高市首相が自民党単独で衆議院3分の2を得たことで、「憲法9条改正」はより現実的な課題となった。トランプ政権は、台湾有事における日本の行動制約が米軍の作戦に影響することを懸念しており、法的制約の緩和、すなわち憲法改正を含む制度改革を求める可能性がある。

実際、2月頭に筆者が米国を訪れて共和党保守派の会合に出席した際も憲法改正に関する議論が活発に行われた。通常、憲法改正要求は内政干渉になる話だが、トランプ大統領は平然と求めてくるかもしれない。

これは日本の安全保障政策の根幹に関わる問題であり、国内政治の大きな争点となることは避けられない。

第五に、「通商・エネルギー分野での米国優先の徹底」である。トランプ大統領は貿易赤字の是正を重視し、日本の自動車産業を繰り返し問題視してきた。しかし、最高裁判所によって一部の関税権限を否定されたことから、トランプ大統領は自らのメンツを回復する必要に迫られている。

エネルギー分野での米国企業優先の姿勢が強まる

そのため、同状況下において、自らの通商手腕を改めて誇示することは急務だ。したがって、自動車関税の引き上げをちらつかせながら、農産品市場のさらなる開放や事実上の日米貿易の再交渉を求める可能性がある。

さらに、遅々として進まないアラスカパイプラインへの日本の投資参加や、LNGの長期購入契約など、エネルギー分野での米国企業優先の姿勢が強まることも予想される。これらは日本の産業構造やエネルギー戦略に長期的な影響を与えるだろう。

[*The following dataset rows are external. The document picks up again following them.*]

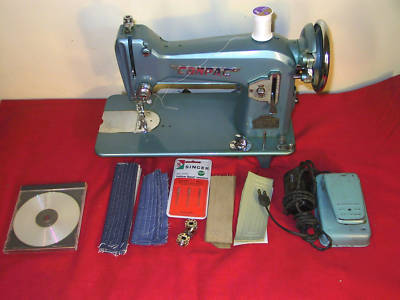 Toyota heavy duty industrial strength sewing machine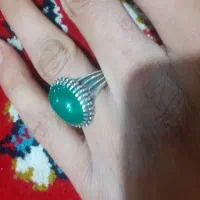 انگشتر نقره معاوضه با فیروزه|بدلیجات|ایذه, |دیوار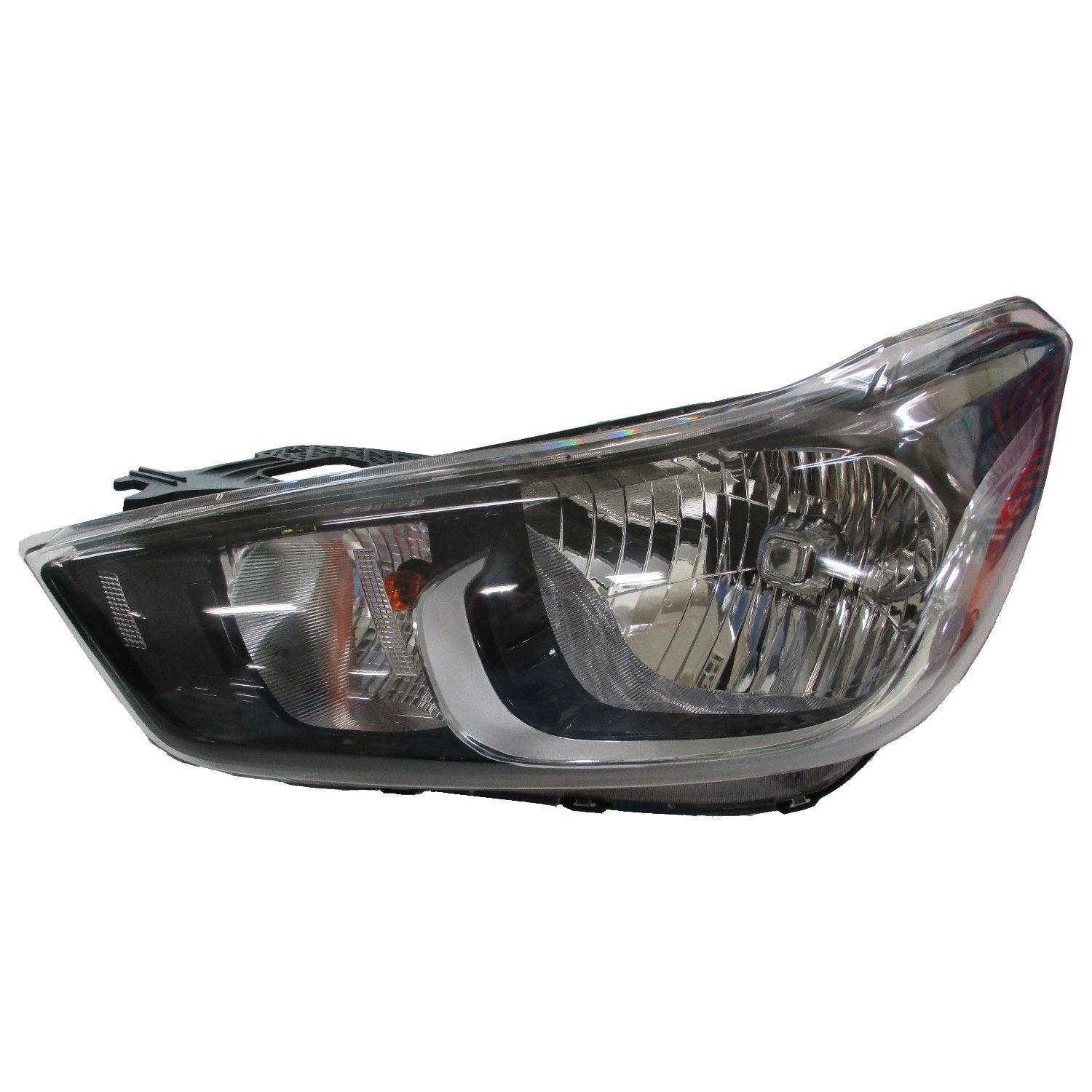 Phare avant gauche (sans fixation) pour Chevrolet Spark 2017-2022, référence GM2502468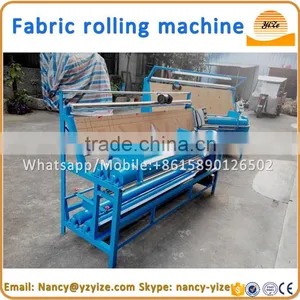 New Type Cloth Measuring Examining Inspection Machines / Fabric Rolling Machine thumbnail-5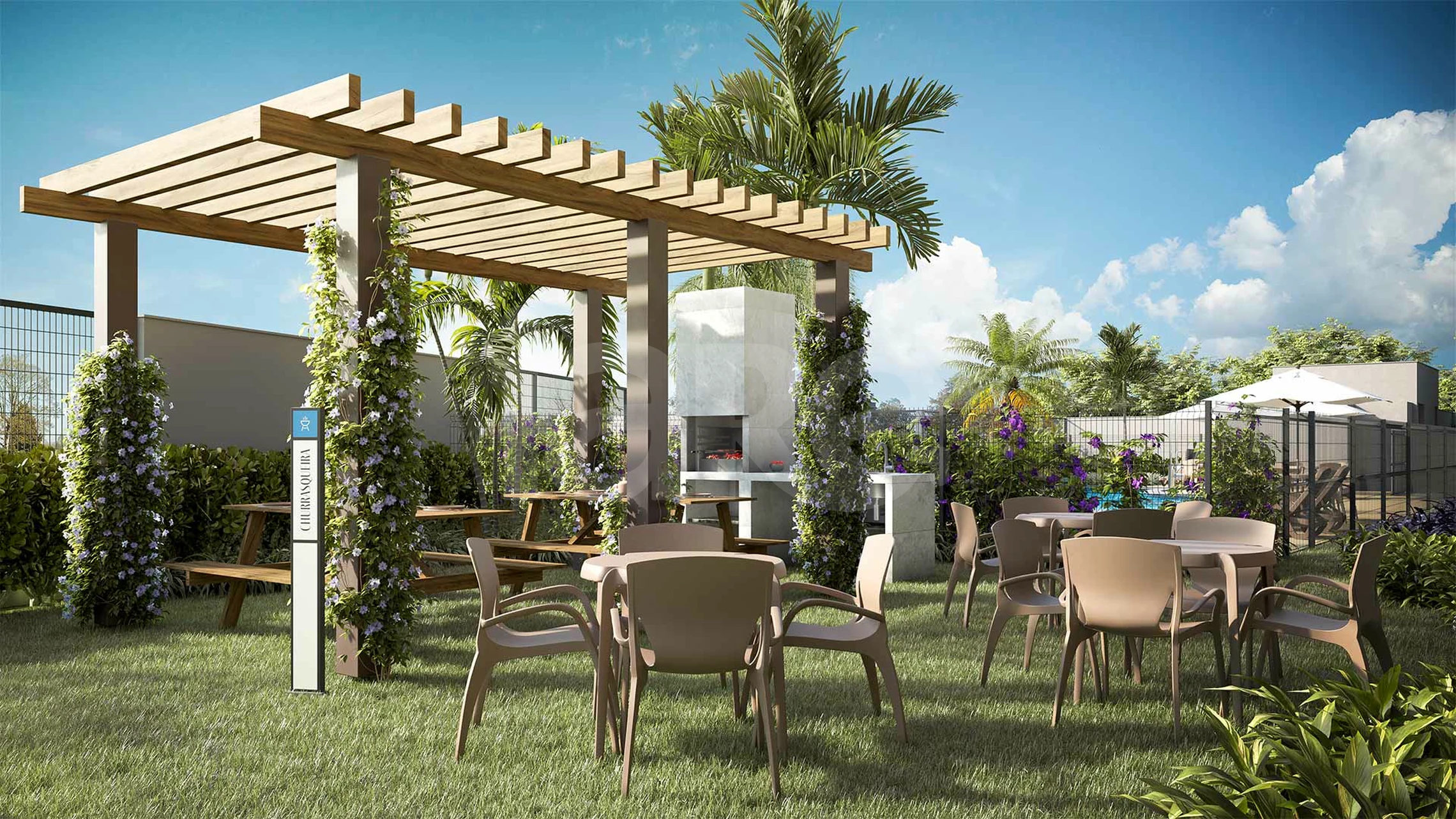 Pátio Horí - Apartamento com 45,46 m², em Várzea — foto 30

以上の5つの課題は、いずれも日本にとって政治的・財政的・戦略的に重いテーマである。しかし同時に、これらの要求は日米同盟を深化させ、日本の国際的地位を高める機会にもなり得る。高市首相がどこまで譲歩し、どこで一線を引くのか。3月19日の会談は、単なる外交イベントではなく、日本の安全保障と経済戦略の未来を決定づける重大な節目となる。